- DESCRIPTION OF THE TASK
In the copy, keep every word of the data below and none of its pictures.

··· THE DATA

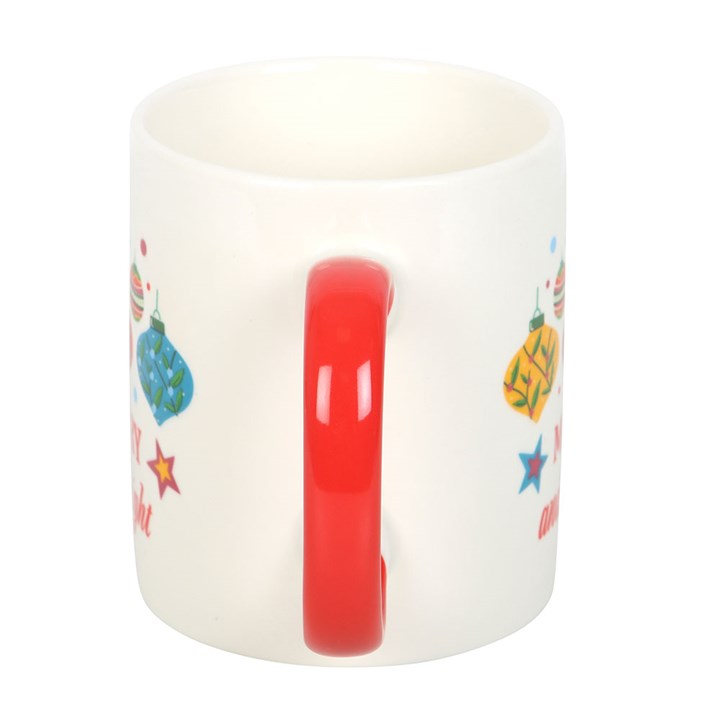 Eleanoras Merry and Bright Bauble Mug Mugs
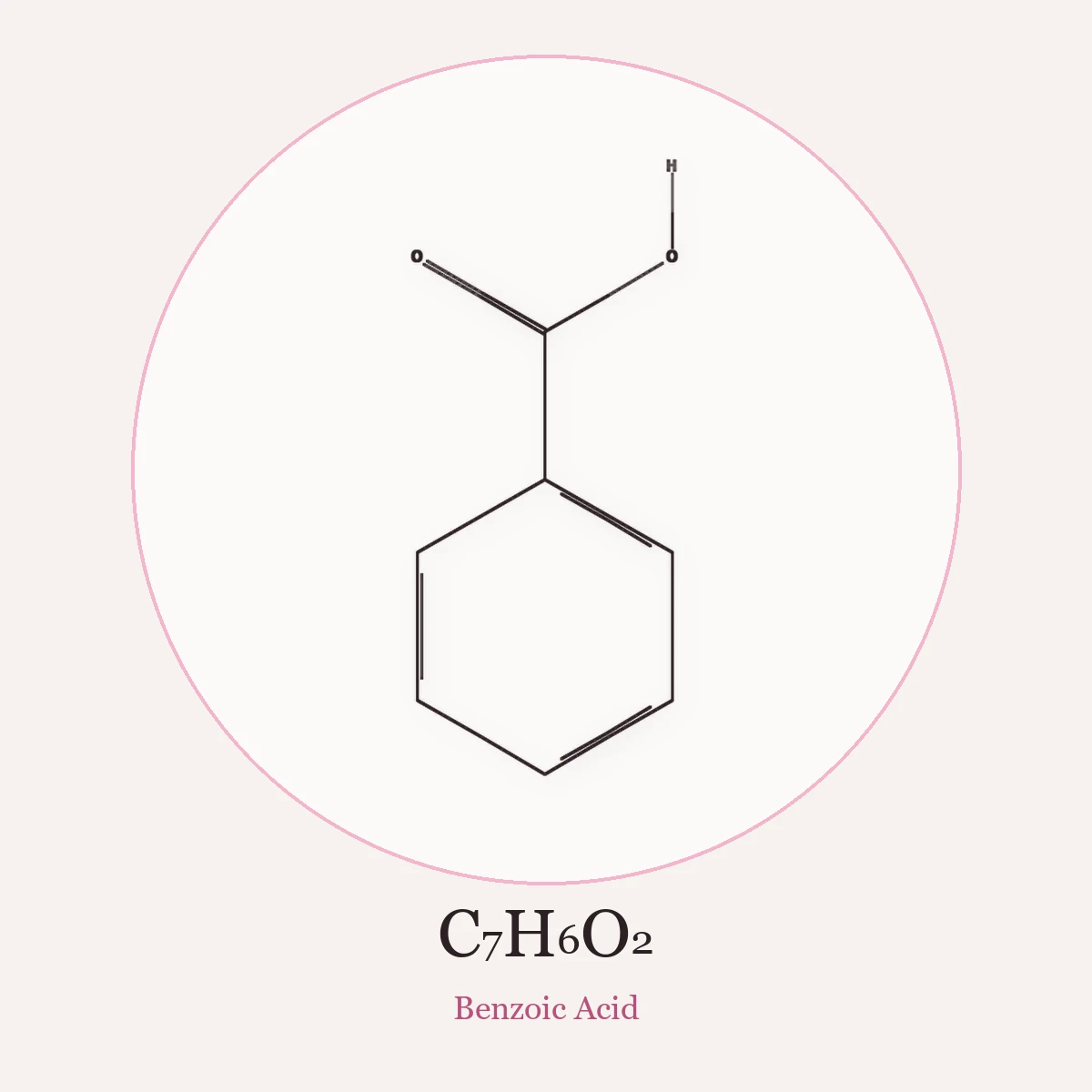 Chemical structure of Benzoic Acid
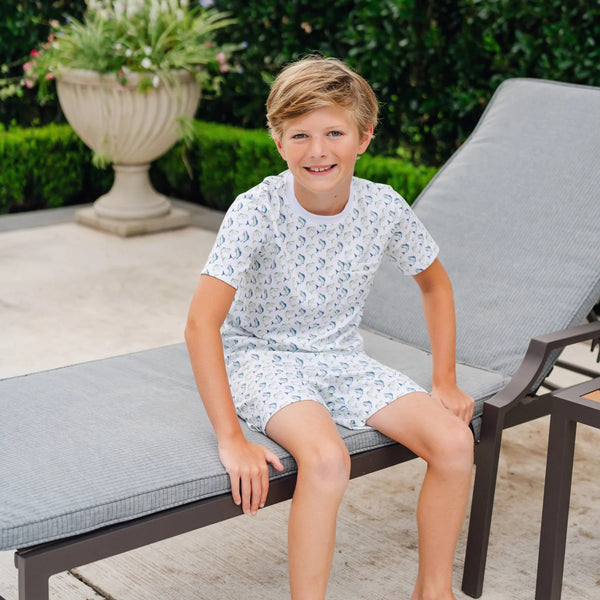 Charles Boys' Short Set- Jumping Trout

······

- WORKED SOLUTION
 Eleanoras Merry and Bright Bauble Mug Mugs
 Chemical structure of Benzoic Acid
 Charles Boys' Short Set- Jumping Trout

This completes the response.